What to produce:
Restate word for word the lines below, from the one containing "Čepice Converse bílá" through the final line, with no pictures included.

==== Material provided

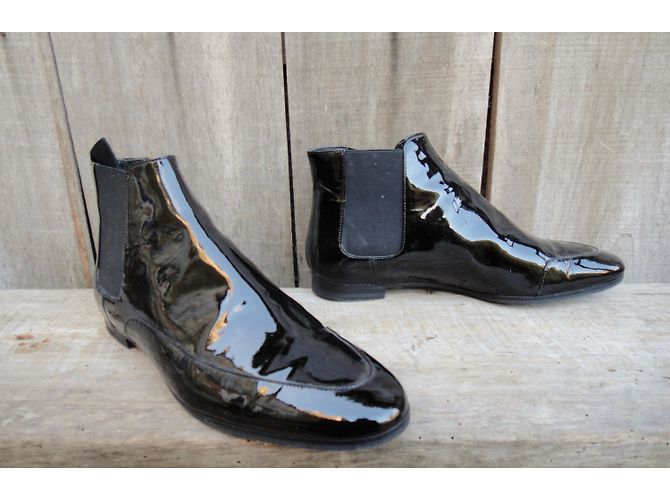 Botines Chelsea Jil Sander en charol negro - vista 3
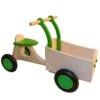 Houten Bakfiets Limegroen Loopfiets VanDijkToys -Bekende Speelgoed Winkel houten bakfiets lime van dijktoys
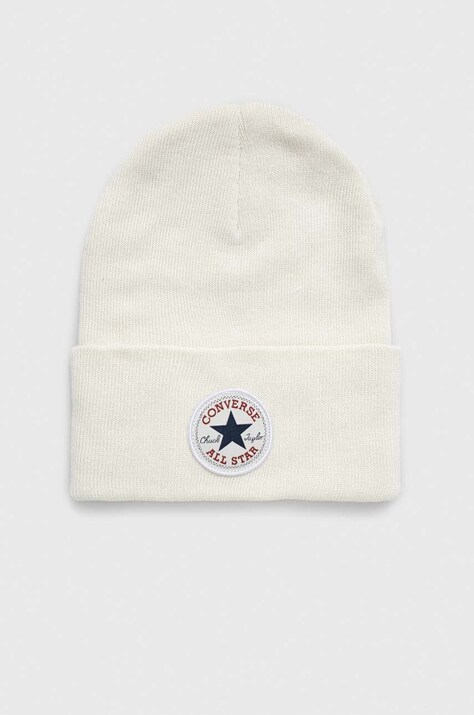 Čepice Converse bílá barva, z husté pleteniny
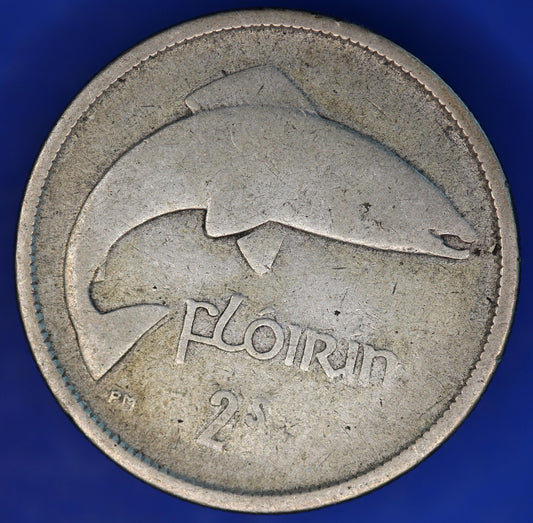 GENUINE 1928 Irish florin two shillings Ireland EIRE coin, Salmon Coin, 75% silver [12/24 31594]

========

Response area:
 Čepice Converse bílá barva, z husté pleteniny
 GENUINE 1928 Irish florin two shillings Ireland EIRE coin, Salmon Coin, 75% silver [12/24 31594]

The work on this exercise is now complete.